I'm not talking about your use of price per square metre, I'm talking about your use of a small segment of your selected markets, to come up with a figure that you've extrapolated to the rest of the nation:

Remember:

You used the data from small areas, within the most expensive suburbs of both cities, to extrapolate the figure for entire nations.


The fact is, you can't, the Japanese people have a very different culture to us. And you haven't taken the markets as a whole, you've used 14 areas in Tokyo's most expensive suburbs and compared them to 11 areas in Sydney's most expensive suburbs. Hardly the whole market, they don't even use whole suburbs.


Scaring people for any reason is unethical (unless they want to be frightened, of course). Whether the comparison is untrue or not is yet to be seen IMHO.
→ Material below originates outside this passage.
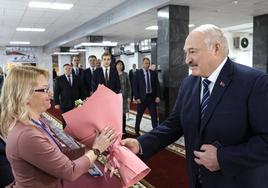 El presidente bielorruso, Alexánder Lukashenko, entrega flores a una miembro de la comisión electoral.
That your data takes a cold surgical look at house sizes, whereas people are different. I for one, have no problems living in an apartment less than 40sqm, I don't need a backyard.

People may wish for a larger house in Tokyo, but it isn't going to happen, they have a population of ~127,000,000 people in Japan, and they have a density of about 330 people/Km2. Whereas in Australia, our population density is less than 3 people/Km2


I never extrapolated for nations you made that up, I showed you two sources of data on property prices and several more on property sizes in Tokyo and Sydney. I knew the data was for Sydney and Tokyo and I presented it as such.

You told me I was not correct on house size comparisons. I have shown you several sources that prove I was right but you have not corrected your error.

My point remains uncontested that today's Sydney housing market is nothing like pre-crash Tokyo. People who tell young people like yourself this are charlatans IMHO.

I have just checked back and I did indeed use Japan instead of Tokyo a few times, I will go and correct this. Ok hopefully that is better and I do apologise for the confusion.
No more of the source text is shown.